Parrikar revealed that the French government was sending an "empowered" official to Delhi to expedite negotiations for the Rafale in the New Year, but did not provide details.
The impending visit would follow that in November 2014 by French defence minister Jean-Yves Le Drian, who had looked to resolve the three-year impasse on the Rafale purchase.
Senior defence officials told IHS Jane's that Parrikar's statement on the Rafale contract could well be a "tactical move" to pressure Dassault into resolving contentious issues bedeviling the deal.
These include an increase in its overall cost - estimated to have almost doubled to about USD20 billion - and Dassault's hesitancy in assuming final responsibility for HAL's licence-built Rafales.
According to the 2007 tender for 126 medium multirole combat aircraft (MMRCA), 18 aircraft would be acquired in fly-away condition and the remaining 108 would be built by HAL.
India's Ministry of Defence (MoD) insists Dassault assumes liability for HAL's Rafale delivery schedules, quality assurance and liquidated damages, conditions that the French aircraft manufacturer is resisting.
Dassault is reportedly of the view that, without any executive or supervisory authority over HAL, it would be unable to vindicate these stipulations.
Although both sides had recently reached a 'compromise' on this issue, with Dassault agreeing to closely oversee the Rafale's licensed production, the MoD is believed to be demanding a more formalised involvement, sources said.
The escalating cost of the tender from the original USD9-10 billion also poses a "serious" hurdle in maintaining talks over the contract, officials said.
Meanwhile, Parrikar declared that a revised Defence Procurement Procedure (DPP) would be announced by February to provide clearer guidelines on blacklisting overseas defence companies for wrongdoing.

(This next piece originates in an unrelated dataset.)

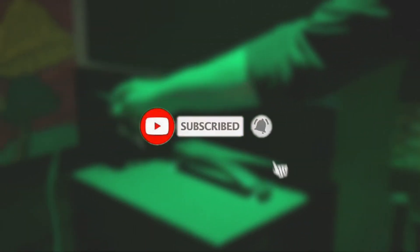Welcome to my YouTube channel. Don't forget to subscribe and press the bell icon so you don't miss important videos in the future.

Proscribing foreign defence vendors, a measure that was followed by the previous Congress Party-led federal coalition, merely hampered India's military modernisation, he said.
Parrikar reiterated the government's intent of permitting overseas materiel vendors to appoint "representatives or technical consultants" in India.

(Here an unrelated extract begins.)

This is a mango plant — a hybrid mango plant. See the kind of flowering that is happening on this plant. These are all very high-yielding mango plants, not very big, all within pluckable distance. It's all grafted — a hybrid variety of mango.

Once implemented, this would reverse the ban imposed on defence agents or advisors following the corruption scandal involving the purchase of 410 Bofors FH-77B 155mm/39-calibre howitzers in the late 1980s.

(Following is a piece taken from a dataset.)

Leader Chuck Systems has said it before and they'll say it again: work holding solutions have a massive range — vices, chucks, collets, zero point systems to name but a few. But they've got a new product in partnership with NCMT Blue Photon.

Parrikar also announced that the quasi-military Border Roads Organisation (BRO), responsible for building strategic roads, mostly in remote Himalayan regions bordering Tibet, would henceforth be under the MoD's financial and executive control.
Presently, the federal Surface Transport Ministry provides the BRO's budget, but its tasks are determined exclusively by the MoD.
This anomaly had led to extended delays in building 73 military roads totalling 3,500 km, which had been scheduled for completion by 2012. Of this, only 500 km of road has been laid so far and the deadline for its completion has now been extended to 2016.
On the cost argument: Cost is a function of the life cycle usage anyhow. An F-16 is considerably cheaper than an F-15E, but the price to purchase speaks very little of the overall cost. Even if the F-15E was half the price of the F-16 to procure, the F-16 would still be a cheaper bet due to its operating cost which in dollar amounts is nearly half at around 15-16K per flying hour (modern F-16, with EFT's, pods, and high weapon carriage). Thats a difference of 210 million over 8000 hours of usage (Between a heavy F-15E and the single engined F-16) Remember that when you have the Su-30MKI and Dassault Rafale being made in India, your cost to operate_Component outside of the fuel bill would be in INR which means a considerably lower cost to operate for both systems given your salaries, spares, depot runs are all procured and paid for in INR (tech salaries etc). Another point to keep in mind is that the Rafale is good for 33% more compared to a 6000 hr MKI so you would need around 170 MKI's from a fleet point of view.
@ 120 million (based on the Janes report above) the cost of the jets is roughly 14 or so Billion with at least 6 billion going to TOT (if the 20 billion price tag is to be believed)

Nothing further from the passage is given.